Subscription Model Pays Off for Adobe's Creative Suite
Adobe’s move toward a subscription-based model appears to be paying off, as it seems the Photoshop and Acrobat maker has raised its full-year adjusted earnings forecast, reporting first-quarter results that surpassed Wall Street estimates. Adobe’s Creative Cloud, which launched last year with Creative Suite 6, allows member to subscribe to Creative Suite applications such as Photoshop, Illustrator, and Dreamweaver. Subscribers can access the content they create across a variety of devices, including iPhones and iPads. Adobe says its Creative Cloud subscriber tally now exceeds 500,000 paid individual members, with more than two million free and trial memberships.
According to Reuters
, Adobe added 153,000 net paid subscriptions. By the end of the year, Adobe expected to hit 1.25 million paid subscriptions. The company’s subscription revenue has more than doubled to $224.3 million. The move to subscriptions results in lower short-term revenue, since fees are collected on a monthly basis instead of an upfront one-time payment. Adobe has managed to raise its full-year adjusted earnings forecast to $1.45 per share, up from $1.40 per share, all off the success of Creative Cloud. Analysts had predicted about $1.41 per share with Adobe now forecasting full-year revenue of about $4.1 billion.
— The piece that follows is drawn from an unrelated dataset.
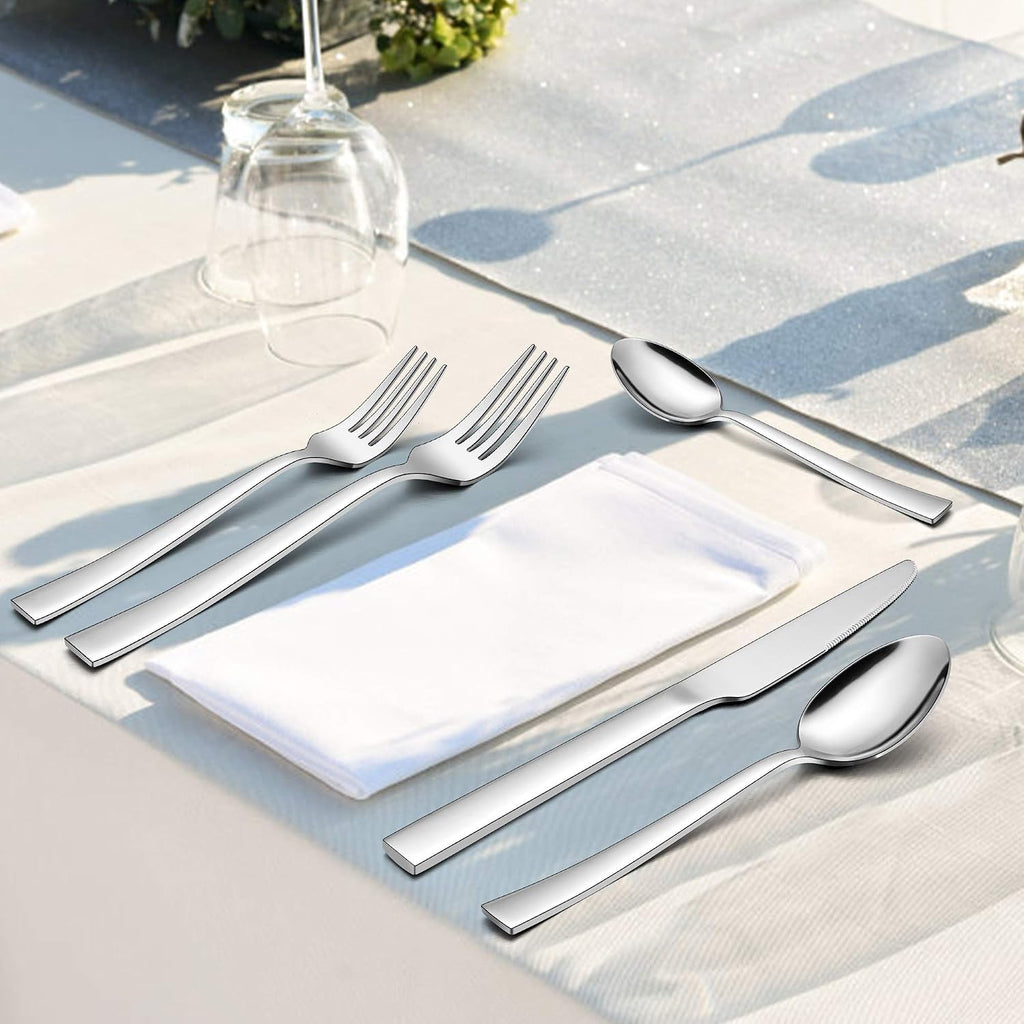 60-Piece Silverware Set with Organizer Tray, Stainless Steel Square Flatware Cutlery Set for 12, Tableware Eating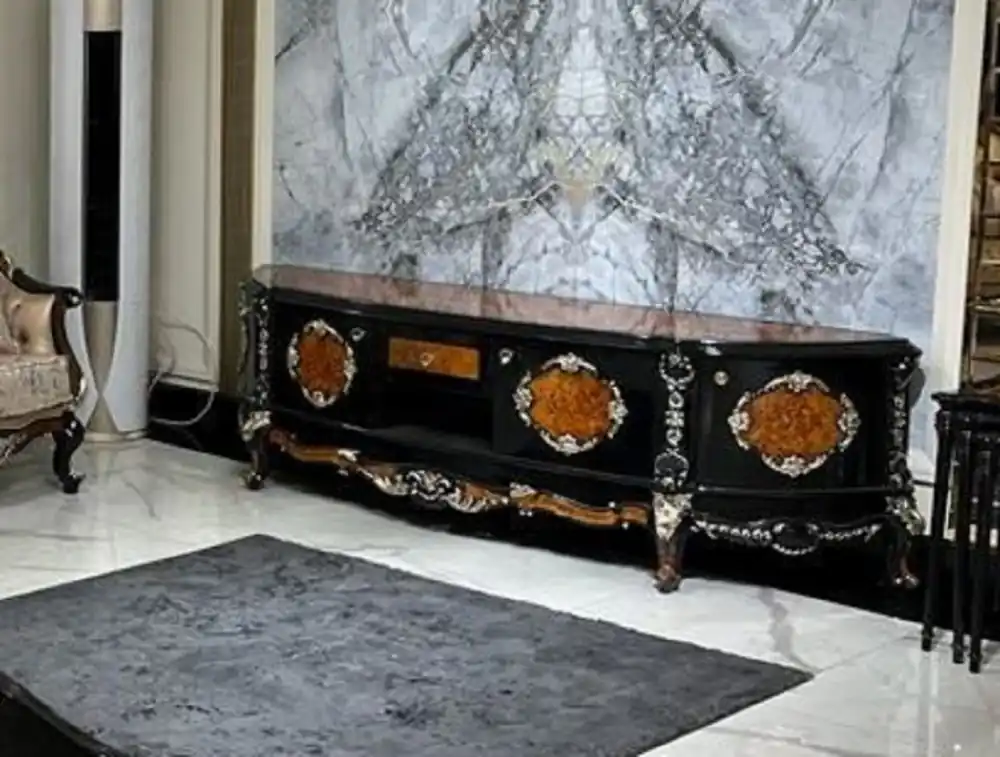Casa Padrino luxury baroque TV cabinet brown / black / silver - Magnificent solid wood sideboard with 4 doors and drawer - Living room furniture in baroque style - Baroque furniture Schnäppchen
The financial news come in relatively close to the news of Adobe confirmed CTO Kevin Lynch’s departure. Lynch will be moving to Apple, a company Lynch has previously clashed with over its refusal to include support for Adobe’s Flash standard on the popular iOS platform, a stance that led to the extinction of Flash on modern mobile platforms. Lynch will be joining Apple as a president of technology, reporting to Senior Vice President, Bob Mansfield.